Although we were now 150 miles north of Cabo San Lucas, the long arms of the Baja Ha-Ha reached to La Paz for a party, and it was a well attended event. Too well attended in fact, since there were twice as many Ha-Ha'ers as there were meals! We stayed long enough to sample the margaritas, then headed to the best burger joint in La Paz with long time cruisers Bill & Julie Martinelli, who also have a Catalina 470. Their boat and cruising recommendations have been great, and their burger recommendation was too.  

Baja Ha-Ha party in La Paz

Kathryn with Mike & Linda, Wavelength crew

La Paz has sculptures all along the malecon and throughout town.
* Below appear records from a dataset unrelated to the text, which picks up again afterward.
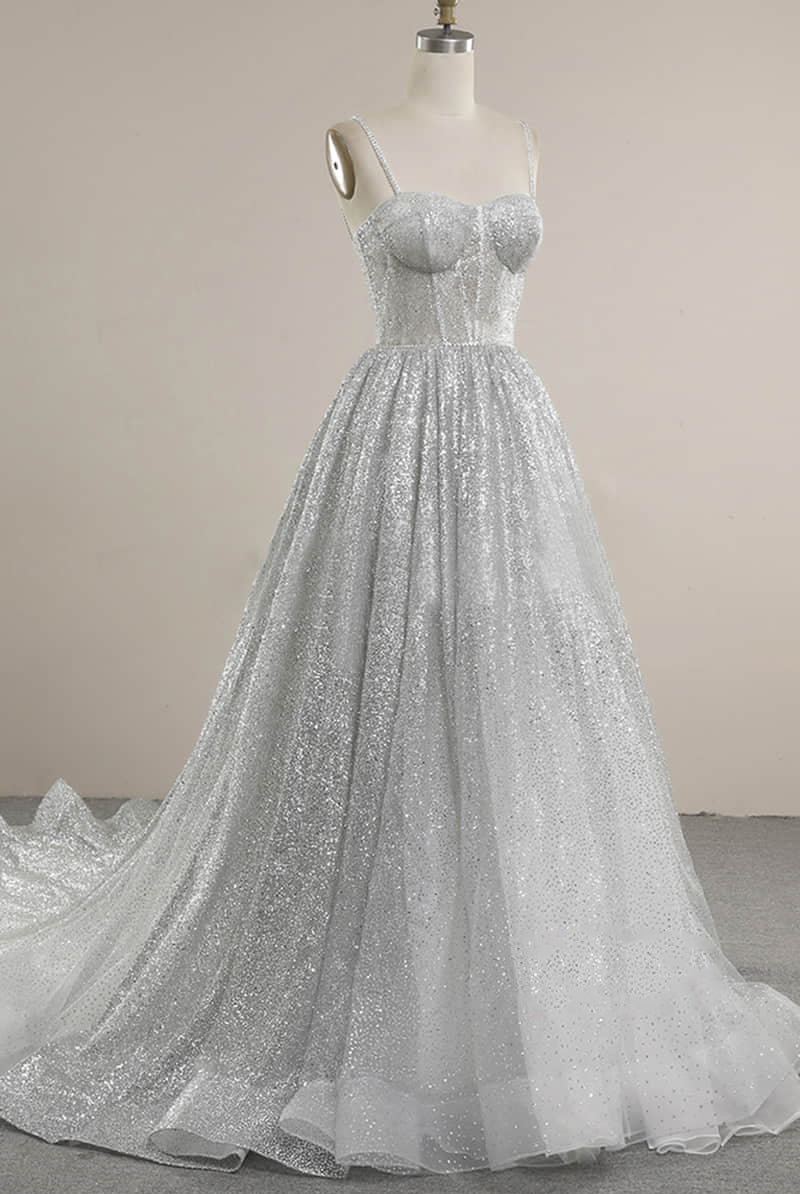 Liva | Spaghetti Straps Sequins A-line Sparkly Wedding Dress Bridal Gown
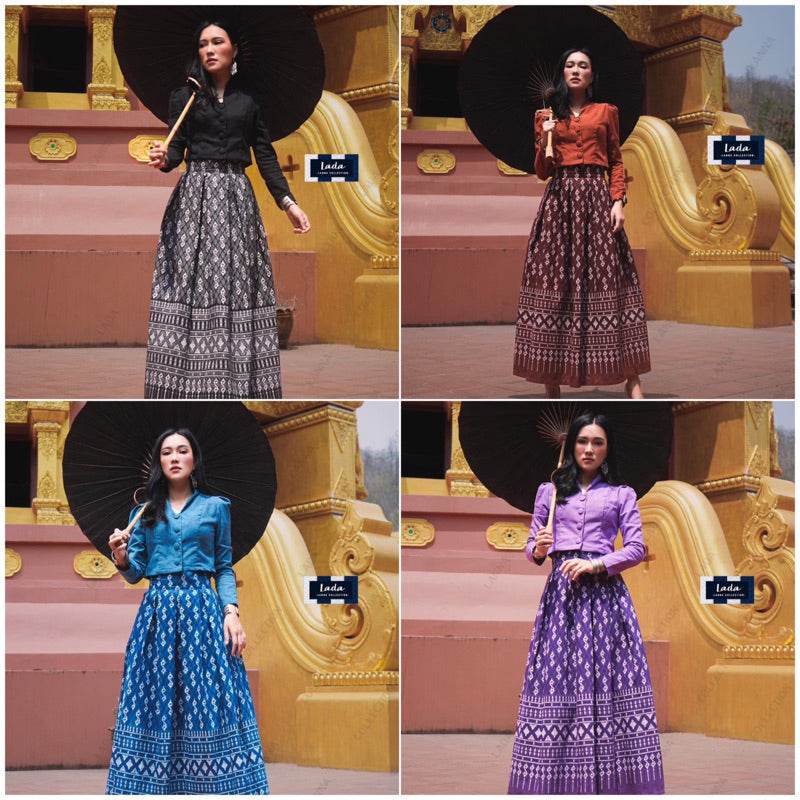 Elegant Collar Long Sleeve Top &amp; Royal Request Pattern Skirt Set – Purple, Navy Blue, Terracotta Orange &amp; Black | Traditional Thai Cotton Outfit for Women One-Sake.com ม่วง / L ม่วง / S ม่วง / M ม่วง / S-ม่วง / M-ม่วง / L-ม่วง / XL-ฟ้า / S-ฟ้า / M-ฟ้า / L-ฟ้า / XL-ส้มอิฐ / S-ส้มอิฐ / M-ส้มอิฐ / L-ส้มอิฐ / XL-ดำ / S-ดำ / M-ดำ / L-ดำ / XL-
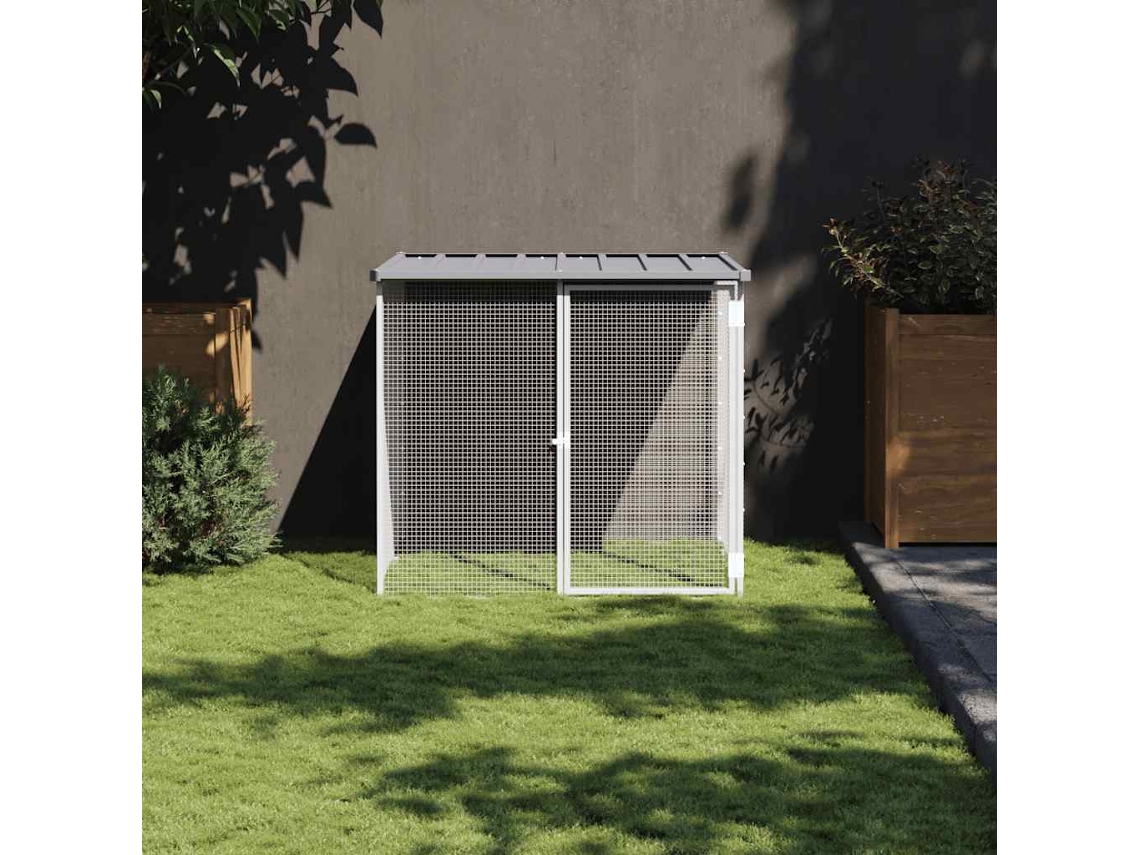 Vidaxl Galinheiro Com Teto 103x98x90 Cm Aço Galvanizado Cinza-claro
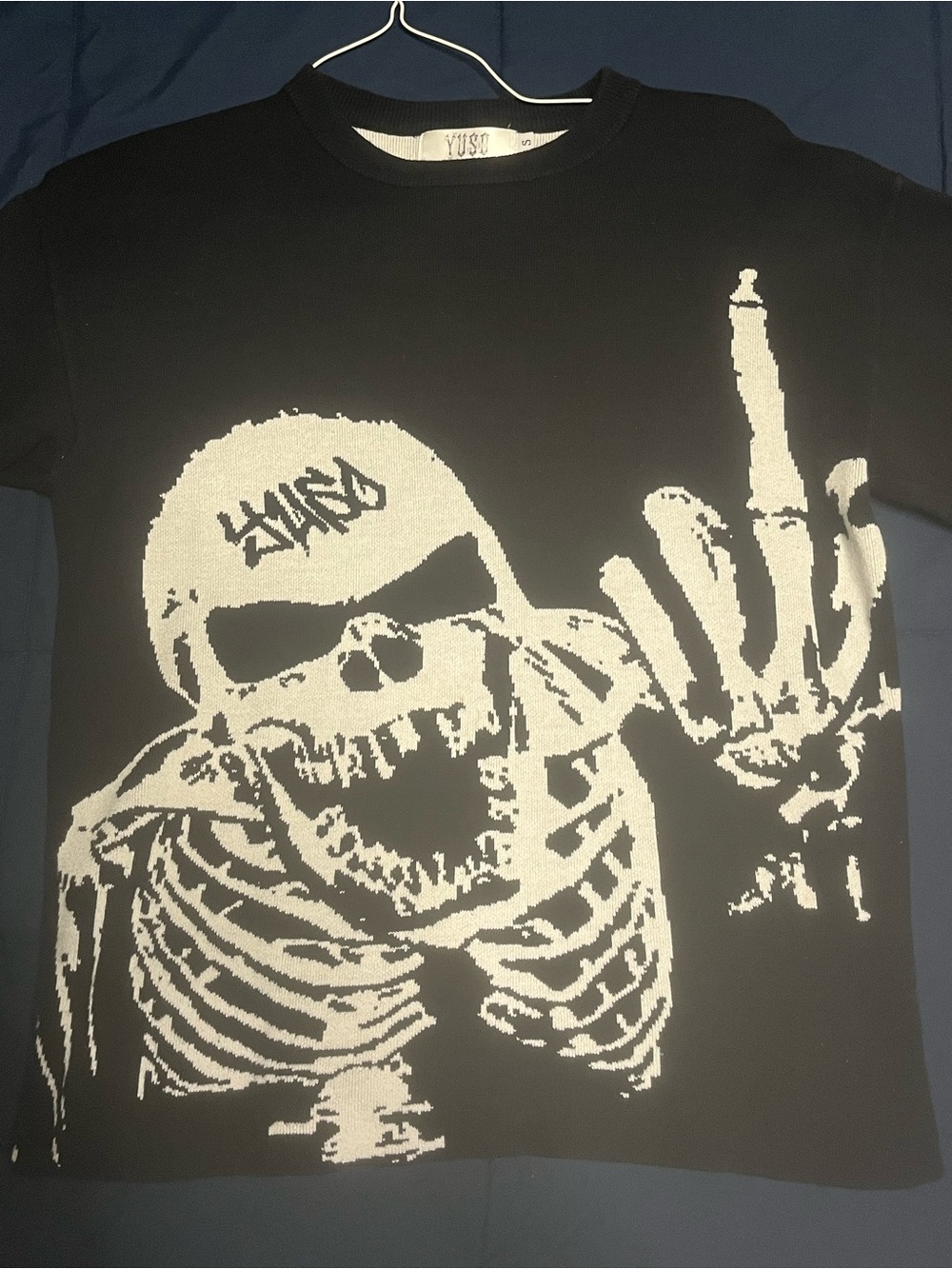 Reversible Skeleton Graphic Crewneck Sweater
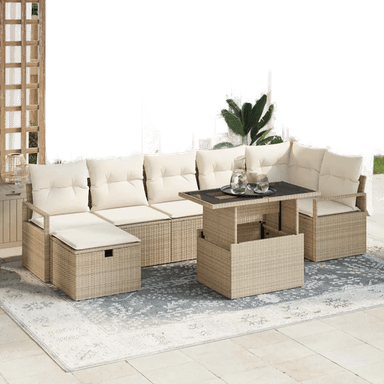 Vidaxl Hagesofa Set 8 pcs Beige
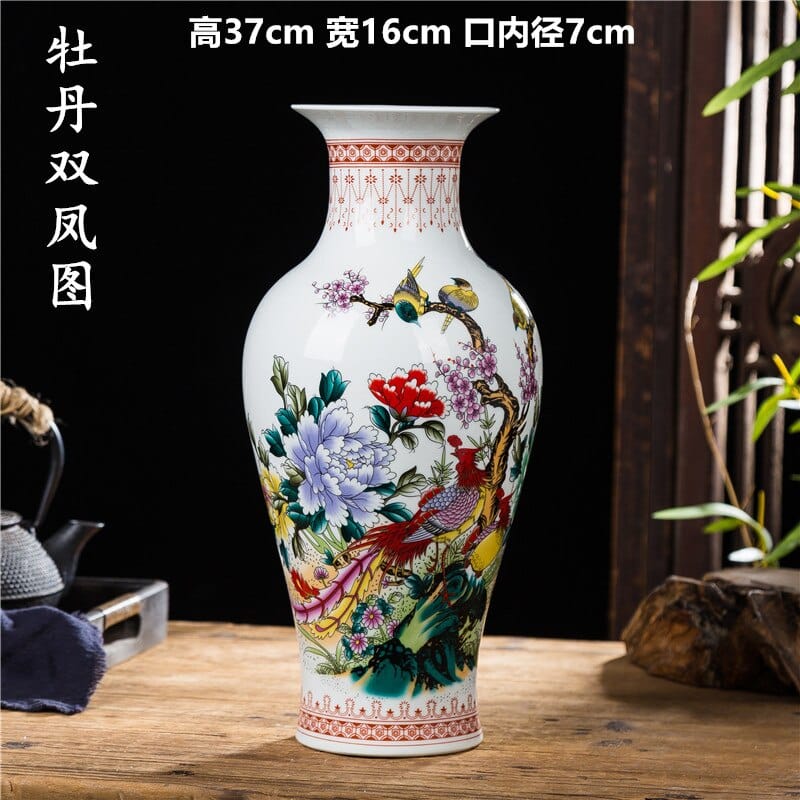 Grands vases style japonais en céramique 16x37cm-U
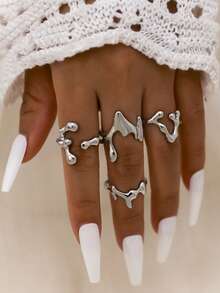 4pcs/Set Creative Water Drop Geometric Stackable Rings Set, Suitable For Women's Daily Wear, Party, Fashion Jewelry Gift - Silver - View 5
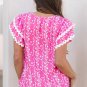 Pink Floral Print Ric-rac Tiered Ruffled V Neck Blouse
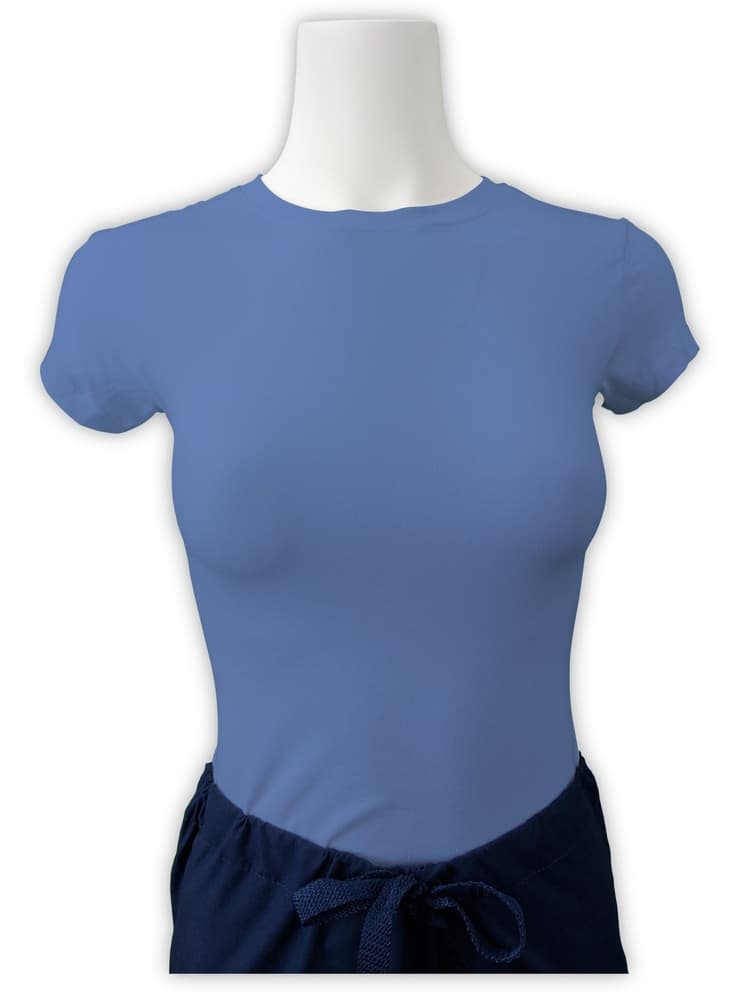 Mannequin wearing Flexibilitee women's Junior Cut Short Sleeve Crew Neck Tee in ceil size medium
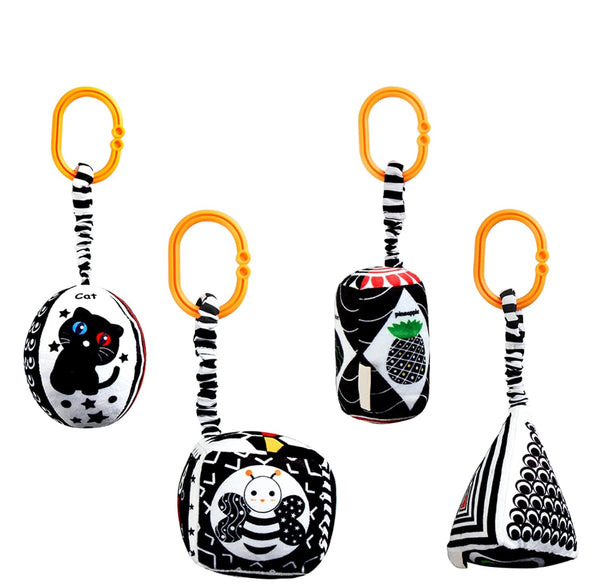 KAKIBLIN Baby Hanging Rattle Toys, 4 Pack Soft Squeaky Toys for 0-6 Months Newborn Infant Car Seat Travel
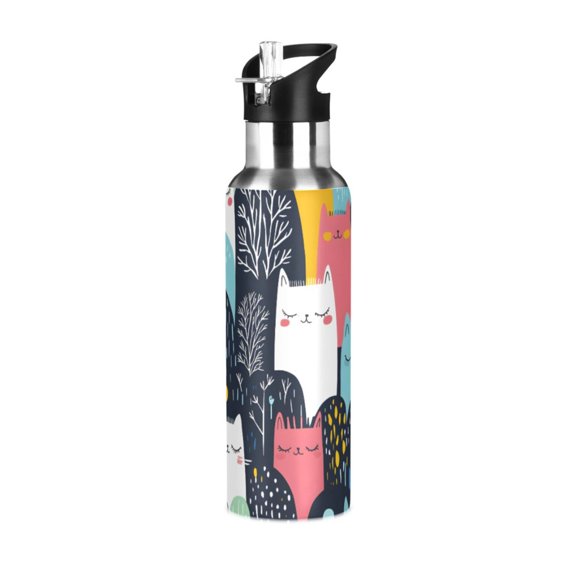 ALAZA Doodle Cute Rabbit Water Bottle Insulated Flask Stainless Steel Straw Lid 20 oz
We'll include more sculpture photos when we return here next year, but here are a few we enjoyed.

Sculpture on the malecon ...

… in a small square … 

… this one was appropriate since the Weber's are known for prominent noses!

We did accomplish our objective to explore all the marinas in La Paz and decided we will have Marina Palmira as our home base when we return to explore the Sea of Cortez in the spring. La Paz is the 4th largest municipality in Mexico with a population of over 200,000, so there are plenty of services available, especially for cruisers. But it has a very relaxed, small town feel, and we look forward to spending more time here.

Thursday, December 19, 2013

San Jose Del Cabo

Visiting neighbors in San Jose del Cabo - When we started planning our sail to Mexico, our neighbors in Redwood City told us we should visit them since they were building a house near Cabo San Lucas. So our first stop after Cabo was in San Jose del Cabo, just 20 miles up the coast.  As you can see in the marina photo below, it's a beautiful spot.

Puerto Los Cabos

Onagh & Bill were welcoming and generous hosts, not only to us, but to some of the other Ha-Ha cruisers. Onagh spends her time working at a two foundations that support children in the local community.

Katie, Bill & Onagh

They call their home Casa Kokomo. I asked why and they said when they were first married they enjoyed the Beach Boys song and hoped one day to have their own Kokomo … "We'll get there fast and then we'll take it slow, that's where we wanna go, way down in Kokomo."

Relaxing at Casa Kokomo

Bill took us on a ride up the coast to Punta Gorda to see the sights. He really enjoys driving "Wild Willy" - his dune buggy, on the sand as fast as it will go. We only got stuck in the soft sand once.

Wild ride to Punta Gorda

There were a few houses on the beach, but it was mostly deserted and beautiful as we rode up the coast.

Crowded beach

The cape and the east coast of Baja are known for excellent sport fishing, so Bill and I went out for a day to try our luck.  Here Bill is bringing in a large dorado that Kathryn and I enjoyed for 3 dinners onboard.

Bill reeling in a dorado

I've been fishing since I was 5 years old with my grandfather and my dad. In recent years it has been using ultralight tackle for trout on backpacking trips. Catch fish or not, its always fun just being out there. So I was shocked to see a marlin doing a series of leaps behind our boat. Bill said, "you're up" and wow, what an amazing experience!  I never thought I would catch a billfish and this striped marlin was pretty big, especially for a first-timer.  It was quite an exciting day for me. Unfortunately, we weren't able to revive and release it, but the skipper and mate were able to feed their families quite a few meals.